2. Bantuan Pangan Non Tunai (BPNT)
BPNT atau Program Sembako diberikan dalam bentuk saldo elektronik kepada keluarga yang terdaftar dalam DTSEN. Saldo tersebut dapat digunakan untuk membeli kebutuhan pokok di e-warong atau agen resmi yang bekerja sama.
Cara Cek Status Penerima Bansos 2026
Masyarakat dapat memantau status kepesertaan melalui kanal resmi pemerintah. Berikut langkah-langkah praktis untuk memastikannya:
Melalui Website Resmi Kemensos:
- Akses laman resmi pengecekan bansos Kemensos.
- Masukkan data wilayah (Provinsi, Kabupaten, Kecamatan, Desa).
- Ketik nama penerima manfaat sesuai KTP.
- Masukkan kode verifikasi dan klik tombol "Cari Data".
Melalui Aplikasi Cek Bansos:
- Unduh aplikasi resmi Cek Bansos di ponsel Anda.
- Lakukan registrasi akun dengan menyertakan data diri.
- Login menggunakan username dan kata sandi yang telah dibuat.
- Pilih menu "Cek Bansos" untuk melihat status terkini.
Syarat dan Ketentuan Pencairan
Pencairan dana bansos harus memenuhi kriteria yang telah ditetapkan oleh pemerintah. Pastikan Anda membawa dokumen pendukung seperti KTP dan Kartu Keluarga (KK) saat mendatangi bank atau kantor Pos.

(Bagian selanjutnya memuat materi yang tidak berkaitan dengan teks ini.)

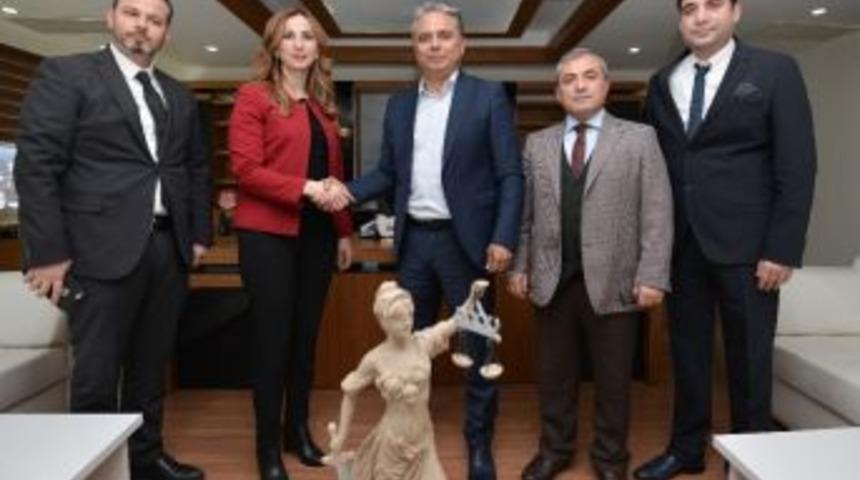 Başkan Uysal&rsquo;a Meslektaş Ziyareti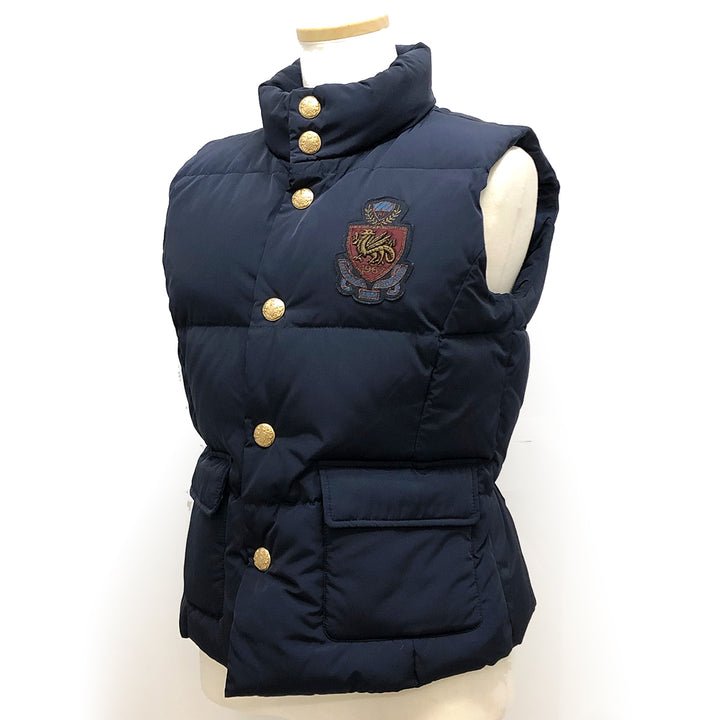 美品 
RALPH LAUREN ラルフローレン 
 キッズ サイズ160 ダウンベスト 
ポリエステル /ダウン、フェザー ネイビー 中古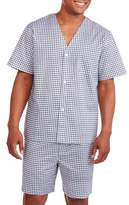 Thumbnail for your product : Fruit of the Loom Men's and Big Men's Short Sleeve, Knee-Length Pant Pajama Set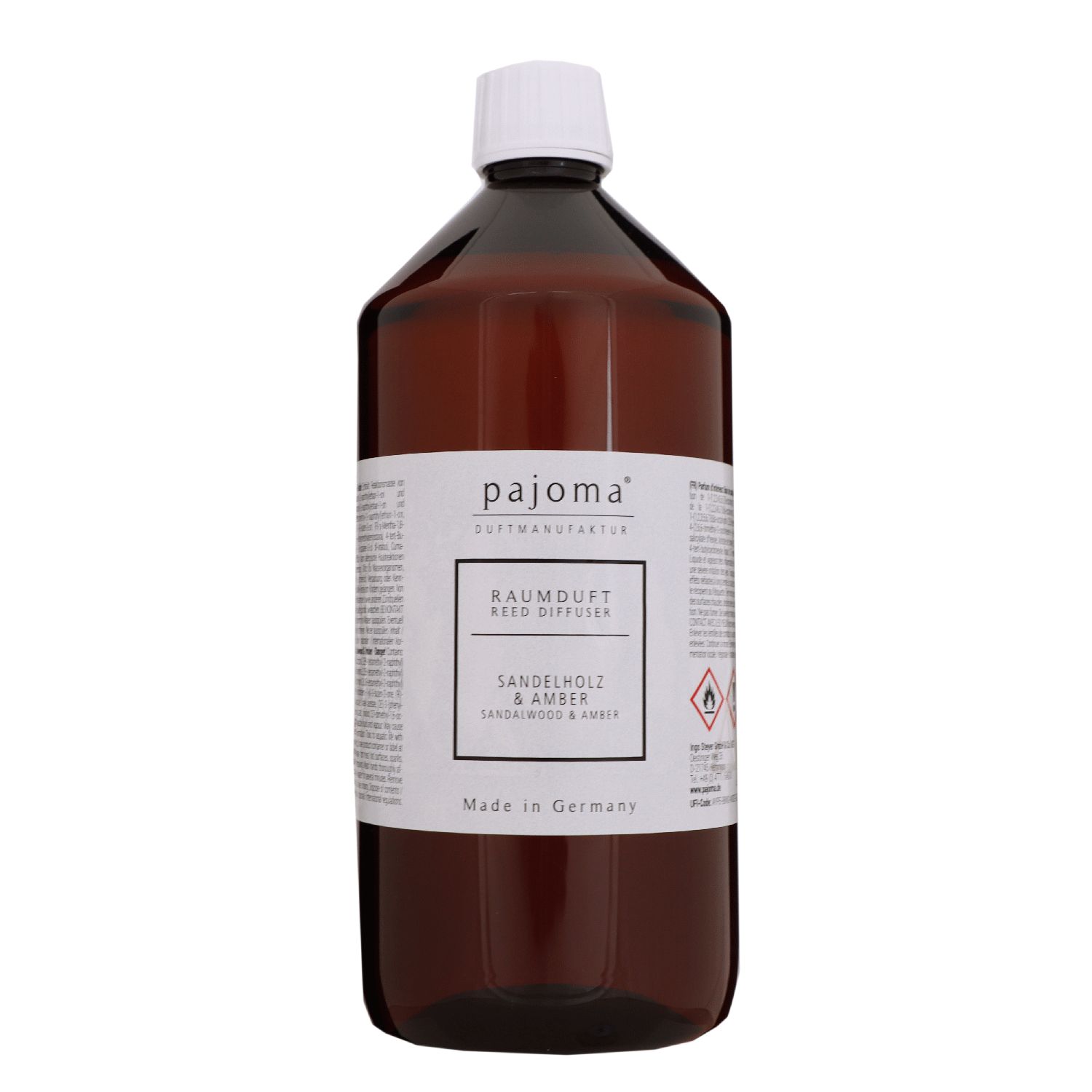 Pajoma Raumduft Nachf�llflasche Sandelholz-Amber 1000 ml Diffuser Lufterfrischer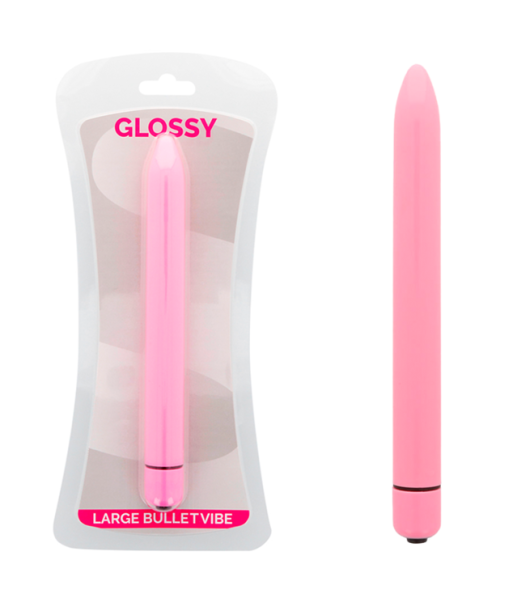 GLOSSY - SLIM VIBRADOR ROSA GLOSSY - SLIM VIBRADOR ROSA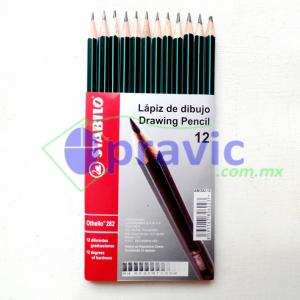 LAPICES GRADUADOS STABILO OTHELLO CON 12 PIEZAS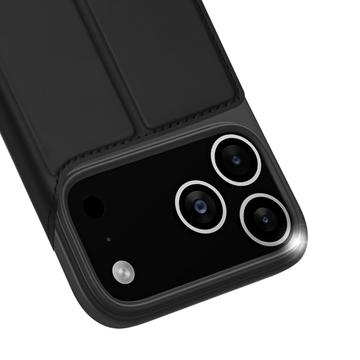 iPhone 17 Pro Max Dux Ducis Skin Pro Flip Cover - Sort
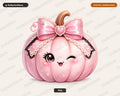 Coquette Pumpkin PNG, Cute Halloween Sublimation Design, Digital Download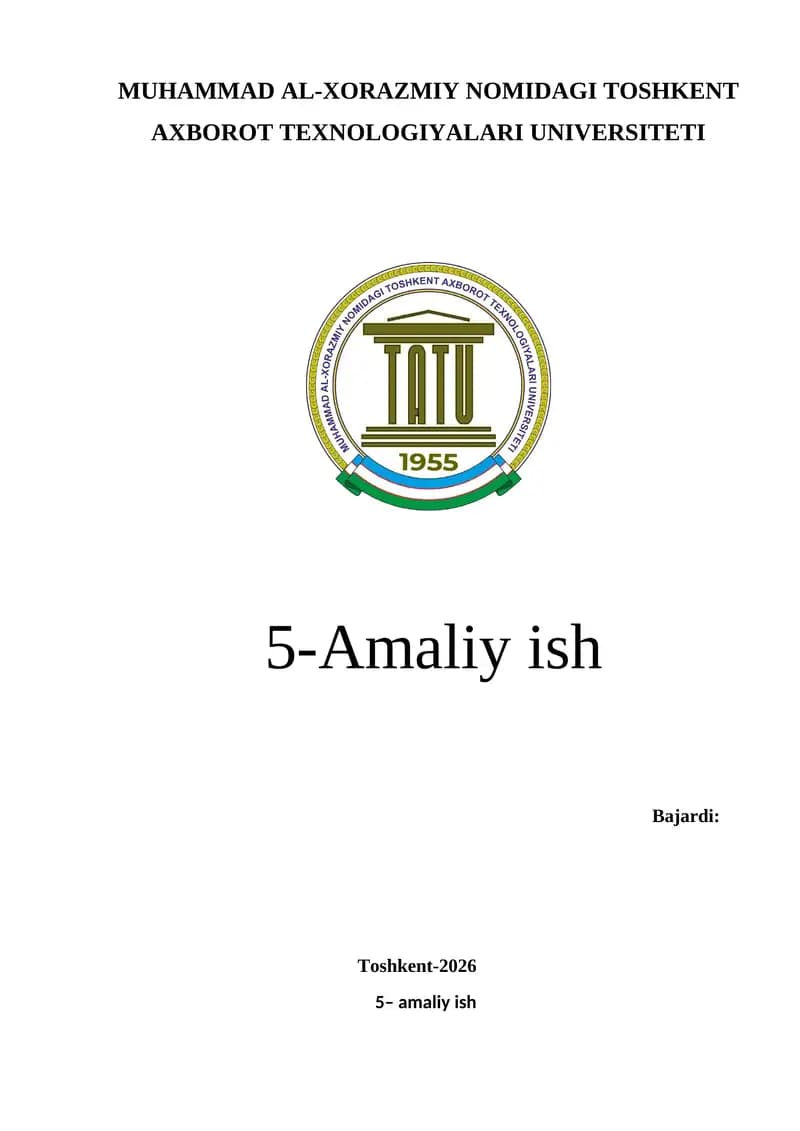 OpenSSL kutubxonasi yordamida X.509 sertifikatini hosil qilish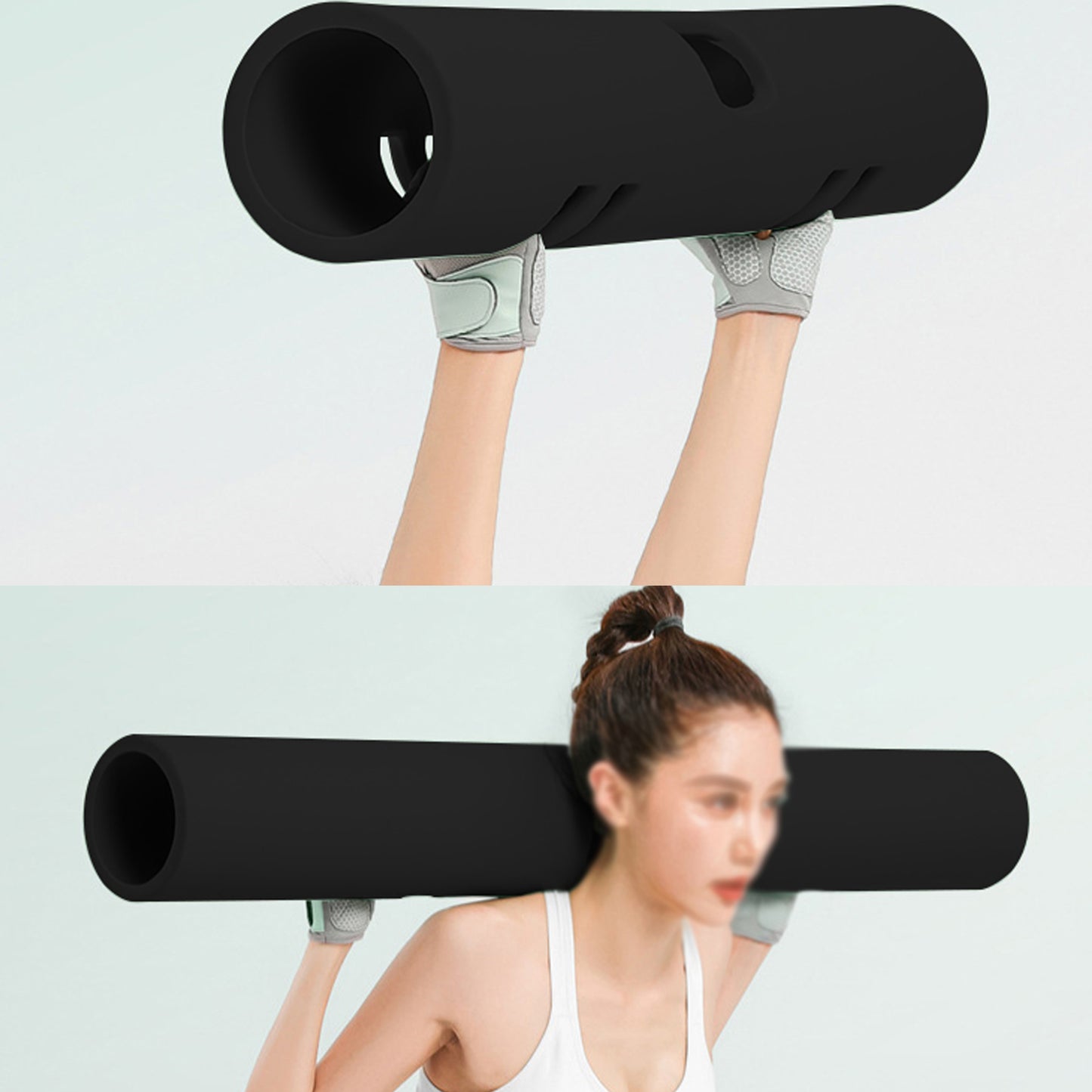 ZC FLYYD Multicolor 12kg Black Fitness Tube Portable Durable Training Rubber Weight Bar Weight Bearing Fitness TPR Barrel for Loaded Movement Training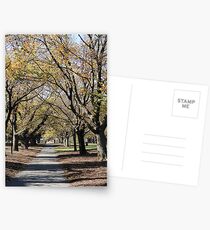 Winter Colour in Carlton Postcards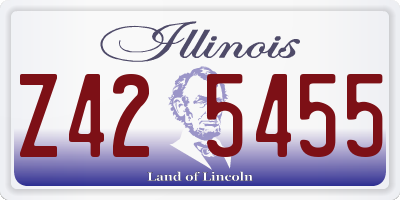 IL license plate Z425455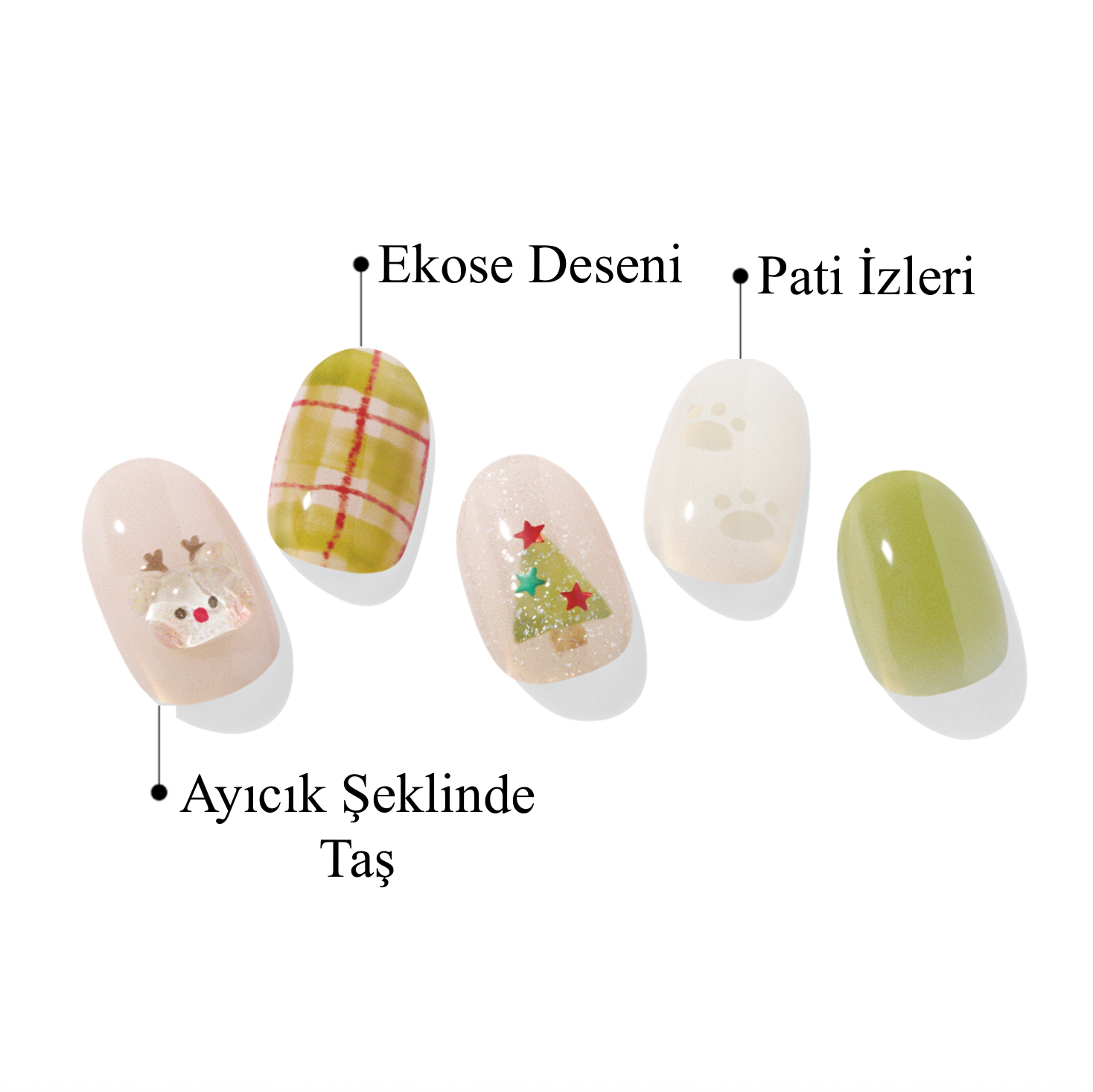 N Beary Merry Jel Tırnak 30 Adet, 2 Kullanım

Untuk pencairan melalui Bank Himbara, penerima dapat langsung mendatangi mesin ATM atau kantor cabang terdekat menggunakan Kartu Keluarga Sejahtera (KKS). Sementara bagi penerima melalui PT Pos, proses pengambilan akan mengikuti jadwal undangan resmi yang diberikan oleh pihak petugas setempat.
Pemerintah menargetkan penyaluran periode April, Mei, dan Juni 2026 ini berjalan tepat waktu agar manfaatnya dapat dirasakan langsung oleh masyarakat yang membutuhkan. Dengan solidnya data DTSEN saat ini, diharapkan distribusi bantuan akan jauh lebih tepat sasaran.